P-Glycoprotein (PGP) in the Human Placenta is critical to preventing fetal exposure to toxic compounds.

Because most drugs and xenobiotics can passively cross the placenta and harm the fetus, the villous placental trophoblast layer on the maternal side compensates for the underdeveloped fetal liver and expresses efflux ATP-binding cassette (ABC) transporters that return toxic compounds and fetal waste to the mother’s blood. This application focuses on one of the most relevant ABC transporters in the placenta: the ABCB1/MDR (multidrug resistance)1/PGP (P-glycoprotein), expressed on syncytiotrophoblasts facing maternal blood. Inhibition or deletion of these transporters leads to increased fetal toxic exposures and increased congenital disabilities, including heart and septal defects. Therefore, it is essential to identify substances that alter PGP function to prevent harmful exposure to the fetus. During pregnancy, the use of drugs, including PGP substrate, is increasingly common and includes antihypertensive and antidiabetic medications.

Based on the project team’s preliminary data, they have shown that sucralose is a PGP inhibitor in liver and kidney cells.

Furthermore, it is estimated that about 30% of pregnant women consume NNS daily, either voluntarily 10 or involuntarily, through NNS-containing foods and beverages, increasing the probability of pregnant mothers encountering both toxic and NNS exposures.

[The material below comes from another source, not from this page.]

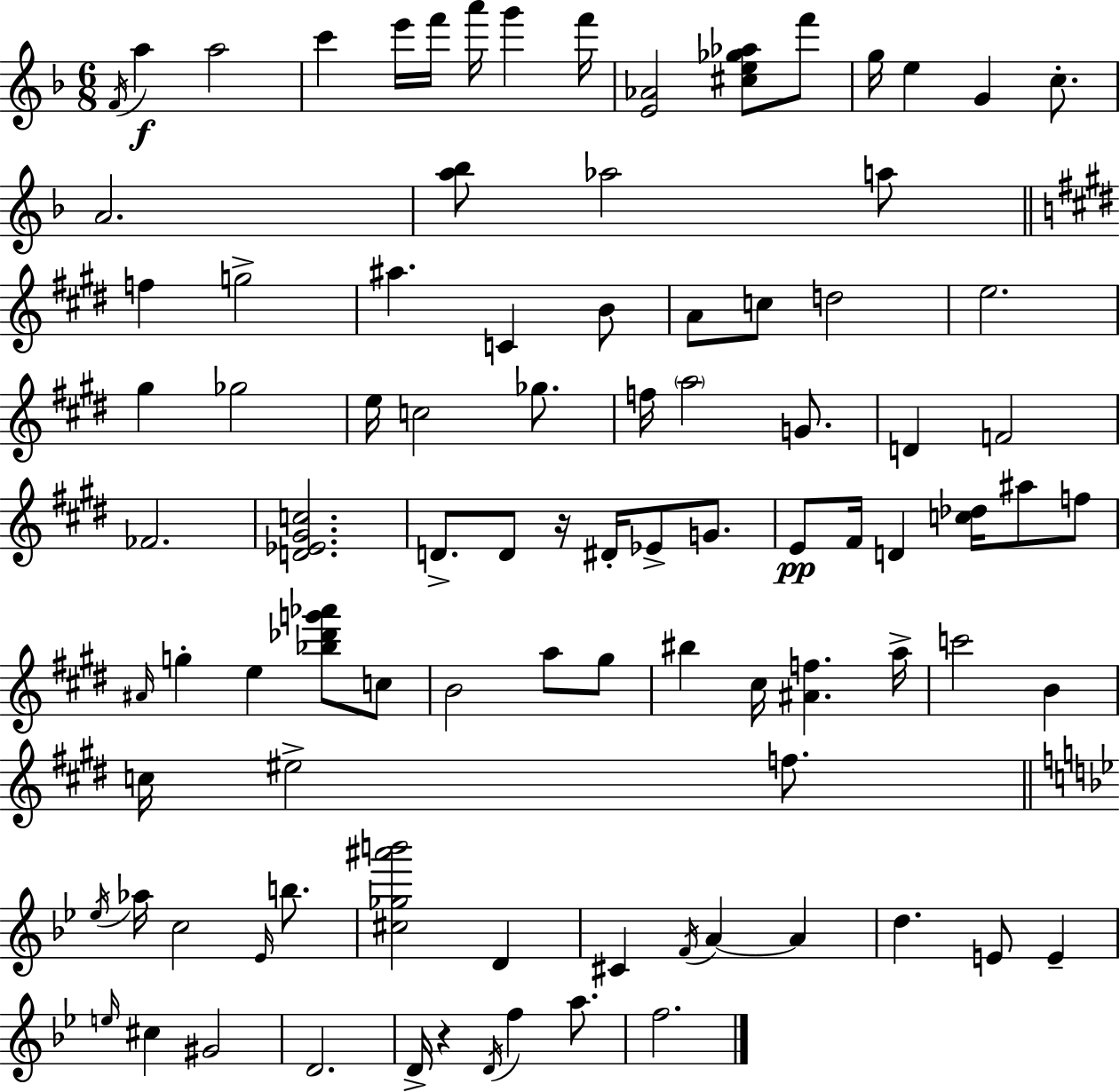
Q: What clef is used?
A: treble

This project will test the hypothesis that maternal sucralose consumption increases the retention of PGP substrate compound in the fetal compartment.

This study is the first assessment of NNS consumption in pregnancy in Wisconsin and only the second one in the U.S. It is also the first clinical study on the impact of sucralose on detoxification transporters.

The project will be a key steppingstone for this research program. Indeed, other ABC transporters show large substrate overlap with PGP and, therefore, are also potentially inhibited by sucralose. Furthermore, we will also investigate the impact of other common NNS, such as acesulfame-K or the trending Stevia, on the various ABC transporters. With no guidelines in place for NNS consumption during pregnancy, evaluation of the impact of NNS on placental detoxification efficiency will be imperative to define, if necessary, new safe limits of NNS consumption specific to pregnancy.

The discovery of clinically relevant interaction between sucralose consumption and PGP will also impact many scientific fields beyond obstetrics, including cancer- or HIV-related research, in which PGP (also known as multi-drug resistant receptor 1 in the cancer field) has been associated with drug resistance.